As you will read and hear in our conversations with policymakers, regulators and bankers caught in that maelstrom, we will also reflect on lessons learned. The hope is that by revisiting the crisis today, the more robust global financial system that emerged in its wake will endure. For that to happen, however, policymakers, investors and watchdogs need to continue to investigate the causes and examine the lingering impact of the 2008 fiasco.

To that end Edward Chancellor, financial historian and founding Breakingviews columnist, will examine five critical, still unresolved, problems stemming from the crisis response, particularly the move by global central banks, led by the Federal Reserve, to drastically lower interest rates to zero. These include speculative financial bubbles, widespread misallocation of capital, the return of the so-called carry trade, China’s shaky finances and the rise of populism due to wealth inequality.

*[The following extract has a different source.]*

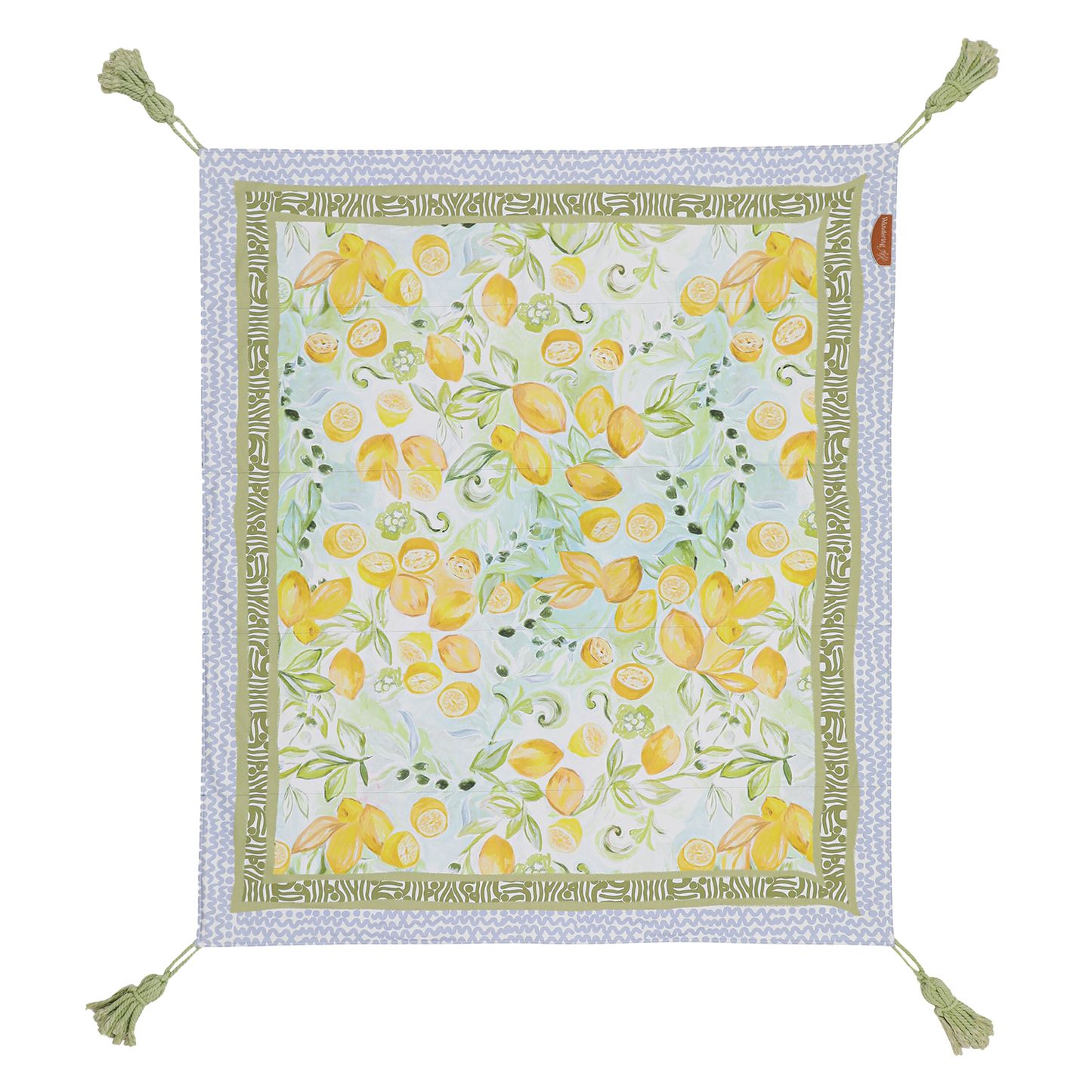 Le Lemon Picnic Rug - Olive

Lehman’s collapse sits at the epicenter of the tumult a decade ago. As Antony Currie will explain, its bankruptcy offers a sobering lesson in the destructive power of hubris. Chief Executive Dick Fuld and his lieutenants had successfully navigated several earlier financial crises. That bred overconfidence, prompting them to ignore their own risk-management tenets, not to mention the critiques of short-sellers, while regulators stood idle.

The consensus today is that banks are more stable, largely thanks to the failure of Lehman and others, prompting lawmakers and regulators to demand institutions hold more capital. But for investors in some of the companies that limped out of the crisis that’s of little comfort. American International Group, for one, still isn’t back to profitable growth, and the insurer trades at a discount to book value. As Richard Beales will observe, “Investors don’t yet accept that the company’s dismal recent past is behind it. Maybe that’s something AIG can achieve in 2019, its centennial year.”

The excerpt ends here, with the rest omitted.